YOUR INSTRUCTIONS: Until you reach the line containing "Shop_Aryavir Malhotra_Pink Cotton", reproduce each line of the listing exactly, please, and include that line as well.

PROVIDED INFORMATION section start

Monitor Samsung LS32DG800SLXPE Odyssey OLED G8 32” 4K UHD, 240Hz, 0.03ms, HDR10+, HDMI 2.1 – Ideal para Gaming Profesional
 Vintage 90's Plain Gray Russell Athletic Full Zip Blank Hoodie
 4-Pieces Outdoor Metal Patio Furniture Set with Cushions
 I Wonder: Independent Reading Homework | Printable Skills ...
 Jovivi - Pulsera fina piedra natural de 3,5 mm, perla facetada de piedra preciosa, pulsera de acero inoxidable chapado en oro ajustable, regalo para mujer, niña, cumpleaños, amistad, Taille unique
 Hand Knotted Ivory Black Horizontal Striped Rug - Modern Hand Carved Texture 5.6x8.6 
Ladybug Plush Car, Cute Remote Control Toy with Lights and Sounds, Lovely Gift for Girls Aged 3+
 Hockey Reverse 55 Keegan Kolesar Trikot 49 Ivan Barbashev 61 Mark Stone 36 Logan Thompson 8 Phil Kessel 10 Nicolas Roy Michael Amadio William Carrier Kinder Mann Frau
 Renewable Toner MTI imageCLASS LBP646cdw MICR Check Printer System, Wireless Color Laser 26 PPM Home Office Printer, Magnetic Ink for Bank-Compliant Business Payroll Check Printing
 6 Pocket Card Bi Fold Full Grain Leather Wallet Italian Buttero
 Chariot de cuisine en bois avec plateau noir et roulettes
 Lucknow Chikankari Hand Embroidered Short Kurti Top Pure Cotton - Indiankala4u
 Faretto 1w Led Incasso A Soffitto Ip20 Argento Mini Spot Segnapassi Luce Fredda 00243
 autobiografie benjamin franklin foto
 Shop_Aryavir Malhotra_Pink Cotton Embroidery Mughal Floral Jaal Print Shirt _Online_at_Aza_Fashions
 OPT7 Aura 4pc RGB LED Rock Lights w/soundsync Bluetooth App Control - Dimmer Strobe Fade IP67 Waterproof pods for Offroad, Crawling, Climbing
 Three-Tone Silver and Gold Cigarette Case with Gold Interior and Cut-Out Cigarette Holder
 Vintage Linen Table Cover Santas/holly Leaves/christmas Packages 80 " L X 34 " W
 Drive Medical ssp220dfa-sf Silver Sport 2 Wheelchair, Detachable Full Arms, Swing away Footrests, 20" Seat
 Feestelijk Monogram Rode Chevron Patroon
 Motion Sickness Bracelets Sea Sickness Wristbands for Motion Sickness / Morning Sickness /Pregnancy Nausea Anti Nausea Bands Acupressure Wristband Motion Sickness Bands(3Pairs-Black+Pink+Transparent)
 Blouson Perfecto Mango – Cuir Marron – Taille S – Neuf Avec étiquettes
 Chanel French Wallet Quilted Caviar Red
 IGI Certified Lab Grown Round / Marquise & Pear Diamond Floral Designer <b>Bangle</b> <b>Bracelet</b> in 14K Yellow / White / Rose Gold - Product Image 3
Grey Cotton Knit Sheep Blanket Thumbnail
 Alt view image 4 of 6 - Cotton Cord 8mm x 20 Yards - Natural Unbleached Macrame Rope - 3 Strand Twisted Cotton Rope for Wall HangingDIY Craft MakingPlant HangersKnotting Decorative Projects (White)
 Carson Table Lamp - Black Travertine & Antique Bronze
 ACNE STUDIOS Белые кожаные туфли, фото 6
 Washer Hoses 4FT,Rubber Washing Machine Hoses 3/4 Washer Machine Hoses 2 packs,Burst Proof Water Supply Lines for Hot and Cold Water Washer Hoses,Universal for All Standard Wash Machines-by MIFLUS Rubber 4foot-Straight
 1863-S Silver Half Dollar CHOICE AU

PROVIDED INFORMATION section end

SOLUTION FOR THIS EXERCISE:
Monitor Samsung LS32DG800SLXPE Odyssey OLED G8 32” 4K UHD, 240Hz, 0.03ms, HDR10+, HDMI 2.1 – Ideal para Gaming Profesional
 Vintage 90's Plain Gray Russell Athletic Full Zip Blank Hoodie
 4-Pieces Outdoor Metal Patio Furniture Set with Cushions
 I Wonder: Independent Reading Homework | Printable Skills ...
 Jovivi - Pulsera fina piedra natural de 3,5 mm, perla facetada de piedra preciosa, pulsera de acero inoxidable chapado en oro ajustable, regalo para mujer, niña, cumpleaños, amistad, Taille unique
 Hand Knotted Ivory Black Horizontal Striped Rug - Modern Hand Carved Texture 5.6x8.6 
Ladybug Plush Car, Cute Remote Control Toy with Lights and Sounds, Lovely Gift for Girls Aged 3+
 Hockey Reverse 55 Keegan Kolesar Trikot 49 Ivan Barbashev 61 Mark Stone 36 Logan Thompson 8 Phil Kessel 10 Nicolas Roy Michael Amadio William Carrier Kinder Mann Frau
 Renewable Toner MTI imageCLASS LBP646cdw MICR Check Printer System, Wireless Color Laser 26 PPM Home Office Printer, Magnetic Ink for Bank-Compliant Business Payroll Check Printing
 6 Pocket Card Bi Fold Full Grain Leather Wallet Italian Buttero
 Chariot de cuisine en bois avec plateau noir et roulettes
 Lucknow Chikankari Hand Embroidered Short Kurti Top Pure Cotton - Indiankala4u
 Faretto 1w Led Incasso A Soffitto Ip20 Argento Mini Spot Segnapassi Luce Fredda 00243
 autobiografie benjamin franklin foto
 Shop_Aryavir Malhotra_Pink Cotton Embroidery Mughal Floral Jaal Print Shirt _Online_at_Aza_Fashions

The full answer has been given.